Lawless lives near Pond Point Avenue, where a housing development is planned. He was among many people who stood up at a hearing last week to tell city zoning board members there’s too much water and too much traffic in the area to consider another housing development.
Residents have been protesting a 22-unit housing proposal on Pond Point Avenue with signs and neighborhood meetings. The plan has been filed under the 8-30g affordable housing law, which gives developers the upper hand in gaining approval for a project.
While a few residents have spoken of their concern about “affordable housing,” others said that is not the point: Affordable or not, they don’t want to see the woods in the neighborhood paved over with concrete.
The Pond Point Avenue proposal calls for building 22 triplex and duplex, condominium-style units on 2.7 acres of undeveloped woodland at 86 Pond Point Avenue. Seven of the units would be sold to people who earn 60% or 80% of the median income, which means they would go to families earning $38,000 to $58,000 a year. The units will sell for $111,000 to $258,000. An existing house already at the site would remain, under the current plan.
Attorney Danielle Bercury of the firm Harlow, Adams and Friedman, representing the Pond Point Avenue property owner Colberg LLC, said she understands that many residents are concerned about losing the woods.
“But this is not open space,” she said. “This is privately owned property.”
The attorney added that the owner would be willing to sell the land to the city or a land trust, though she didn’t mention a price.
Residents spent several hours last week talking about their concerns, from snow removal at the proposed site to endangered box turtles spotted there to the potential health problems that could arise from more traffic and car fumes.
“Why must we overdevelop every piece of green?” asked resident Ann Lambiase.
Susan Lukas, who lives on Pond Point Avenue, said it’s already hard pulling into her driveway without the additional cars a development would bring.
“I’ve had many close calls due to the heavy volume of traffic,” she said. “People are on our backs leaning on their horns as we try to turn into our driveways.”
Resident Steven Stern said the developer is not using the affordable housing law per its intent. He said the law is meant to help people who cannot afford housing to get appropriate homes. Developers, he said, use the law so they can build denser developments than a municipality’s zoning allows.
“This was created as a shield to protect people who can’t afford housing,” Stern said. “Instead of using it as a shield, the developers are using it as a sword.”
Resident Robert Fiore followed up, saying that this kind of housing belongs on Route 1 and similar areas where traffic designs, water and sewer accommodations and public transportation are already in place.
Attorney Bercury, however, said people have a right to live in more rural parts of the town.

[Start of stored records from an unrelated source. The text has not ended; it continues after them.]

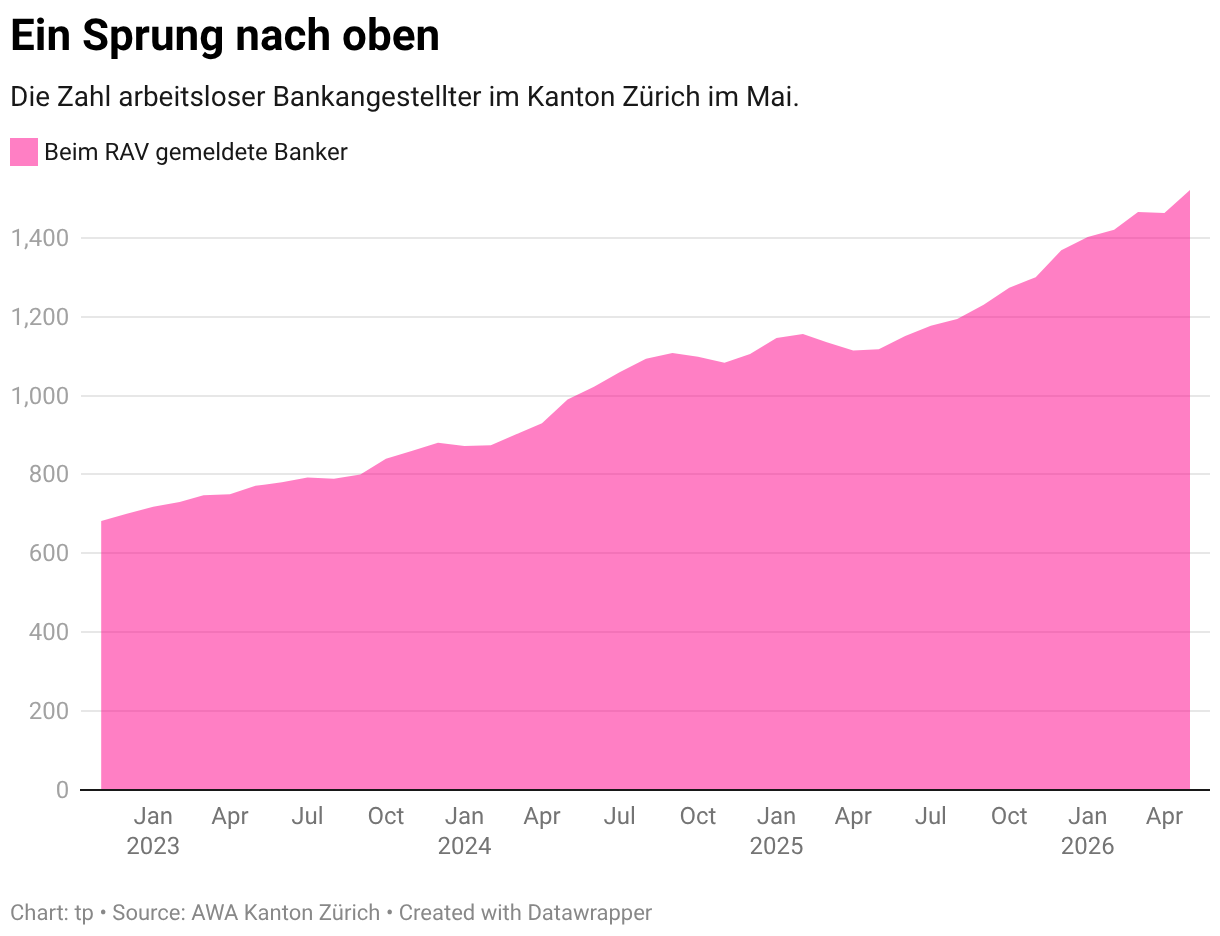 Ein Sprung nach oben (Area Chart)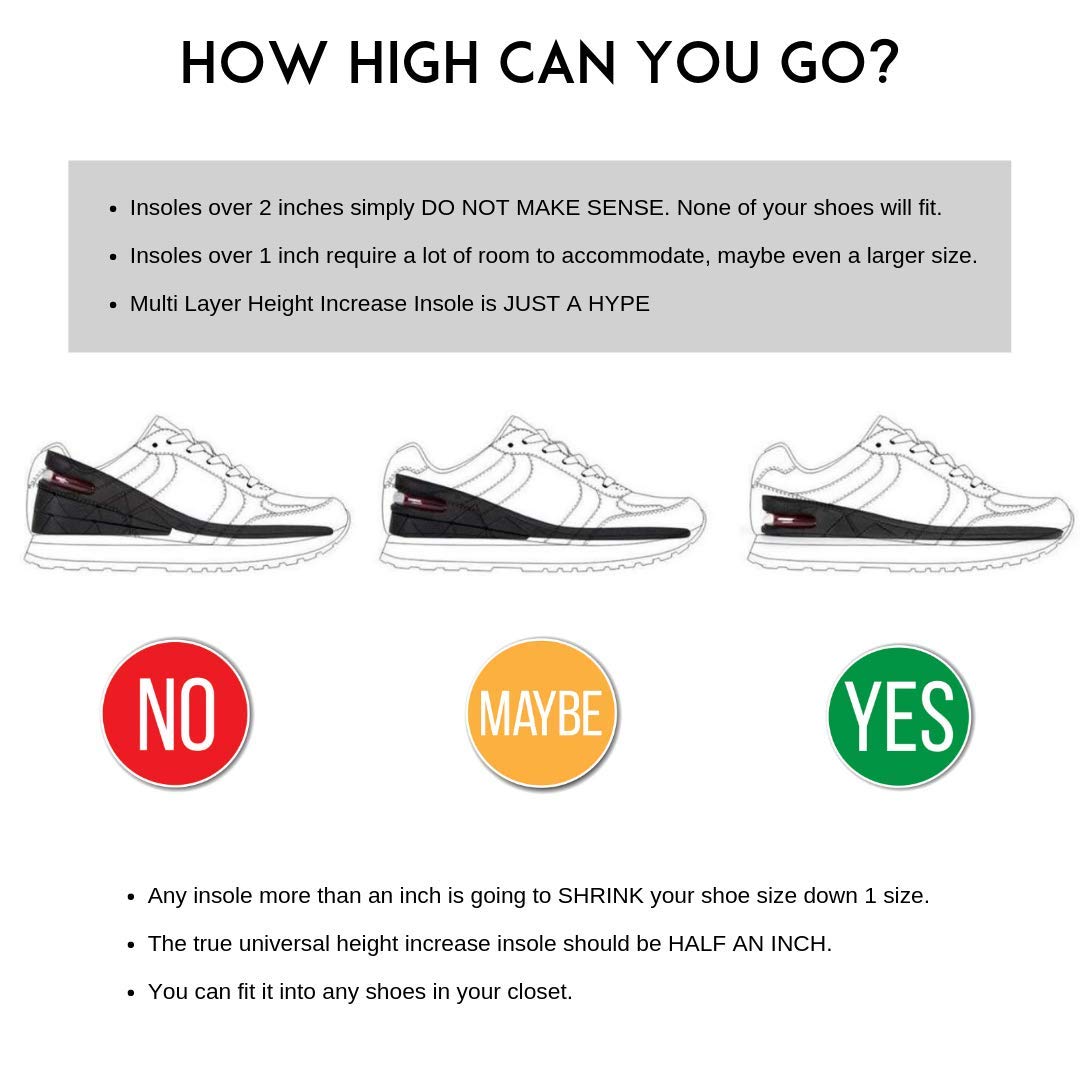 CALTO Insole pack two ensures replacements for ongoing comfort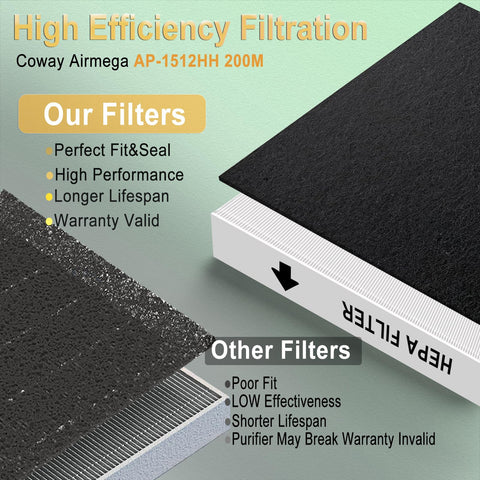 AP-1512HH Replacement Filter Set For Coway Airmega Purifiers with True HEPA Filter and Activated Carbon Pre-Filters comparison
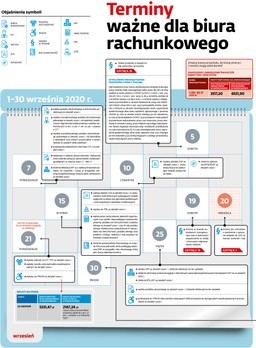 Terminy ważne dla biura rachunkowego we wrześniu i październiku [SPRAWDŹ]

A special meeting is scheduled for Wednesday, Dec. 11, starting at 7:30 p.m. at Milford City Hall, so the Planning and Zoning Board can process more information before voting on the proposal. The board has asked for more input from Community Block Grant Coordinator Tom Ivers regarding affordable housing.

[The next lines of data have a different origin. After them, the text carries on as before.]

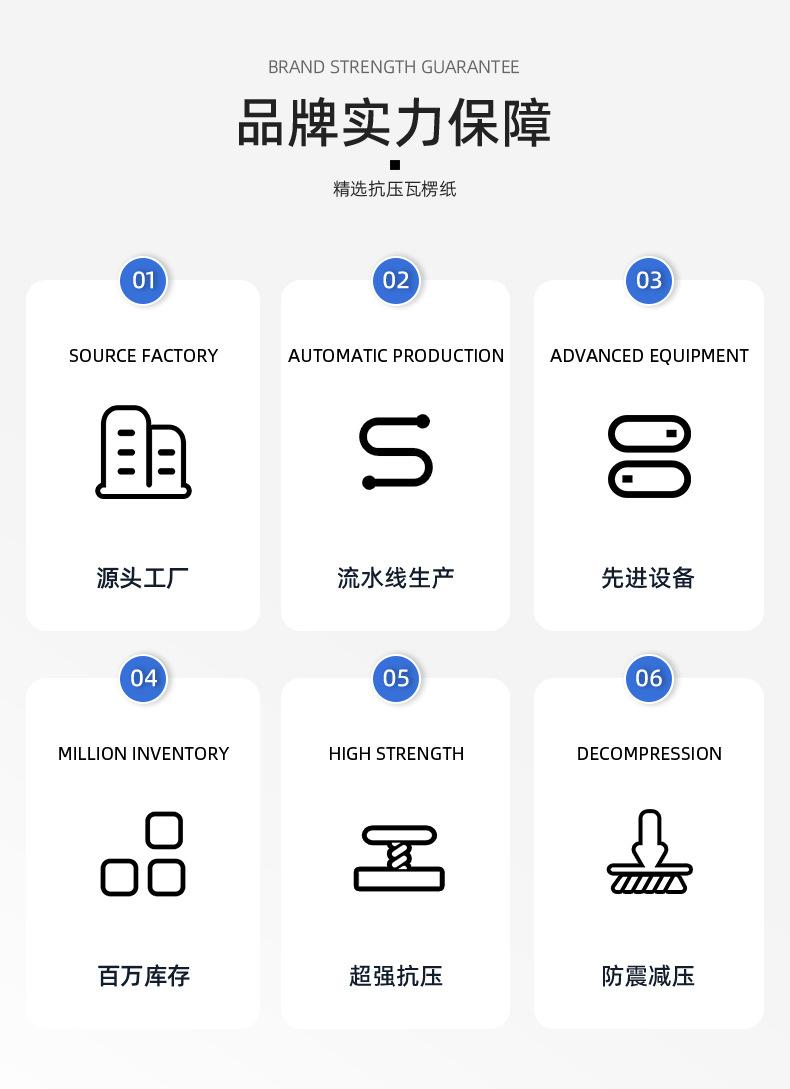 详情页-一拓纸包装制品（定州）有限公司-1_06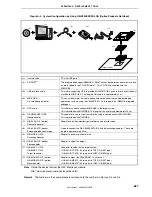 Preview for 687 page of NEC ?PD703302 User Manual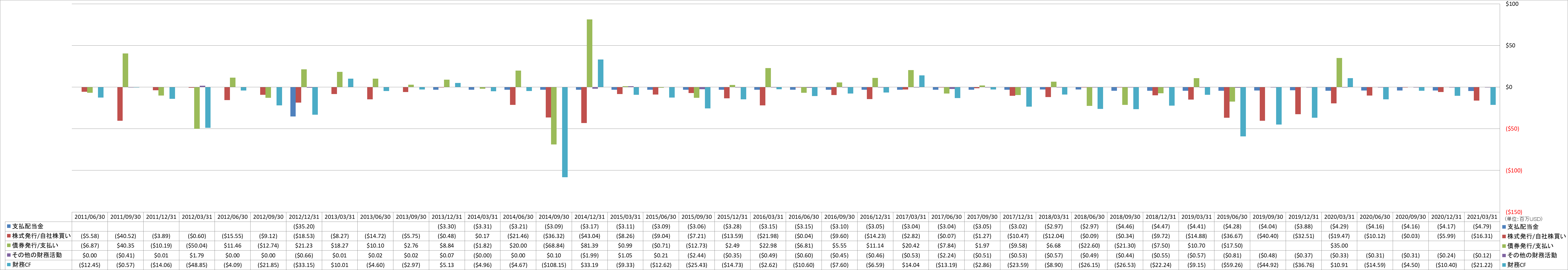 financing-cash-flow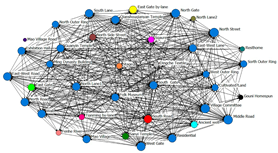 Sustainability 16 09695 i018
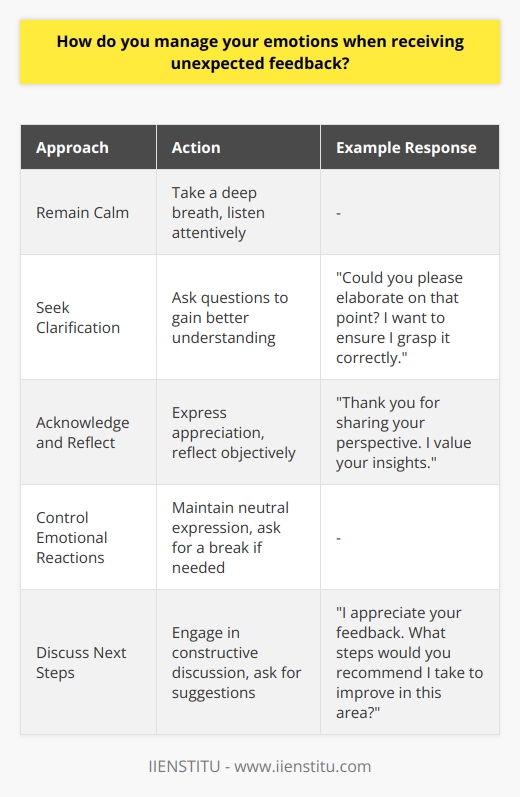 When receiving unexpected feedback, I try to remain calm and composed. I take a deep breath and listen attentively to understand the feedback fully. Even if the feedback is critical or not what I anticipated, I maintain a professional demeanor. Seeking Clarification If any part of the feedback is unclear, I ask questions to gain a better understanding. Seeking clarification helps me process the information accurately and respond appropriately. I might say something like,  Could you please elaborate on that point? I want to ensure I grasp it correctly.  Acknowledging and Reflecting After receiving the feedback, I acknowledge it and express appreciation for the persons input. I might say,  Thank you for sharing your perspective. I value your insights.  Then, I take a moment to reflect on the feedback objectively. I consider how it aligns with my own perceptions and identify areas for improvement. Controlling Emotional Reactions If the feedback triggers an emotional response, I consciously control my reactions. I remind myself that feedback is an opportunity for growth, not a personal attack. I focus on maintaining a neutral facial expression and body language. If needed, I might ask for a short break to collect my thoughts before responding. Discussing Next Steps Once Ive processed the feedback, I engage in a constructive discussion about next steps. I ask for specific suggestions on how I can improve or address the concerns raised. I show a willingness to learn and adapt. I might say,  I appreciate your feedback. What steps would you recommend I take to improve in this area?  By managing my emotions effectively during unexpected feedback, I demonstrate professionalism, adaptability, and a growth mindset. I view feedback as a valuable tool for personal and professional development, and I strive to handle it with grace and maturity.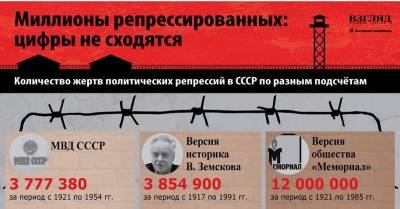 Сравнение числа заключённых в СССР и США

According to Ivers, a city must have 10% of its housing set aside as affordable in order to be exempt from the affordable housing regulations.
Milford’s affordable housing is currently at 6.3%.
“So we’re not even close,” Ivers said after an earlier meeting.
The board also wanted to time to look over information from State Sen. Gayle Slossberg, who has been speaking out on behalf of the residents.
The P&Z board is trying to wrap up a number of issues, including the Pond Point Avenue proposal, before new board members take their place in January.
Chairman Mark Bender said last week that he thinks the board will probably vote on the Pond Point Avenue plan at its Dec. 17 meeting.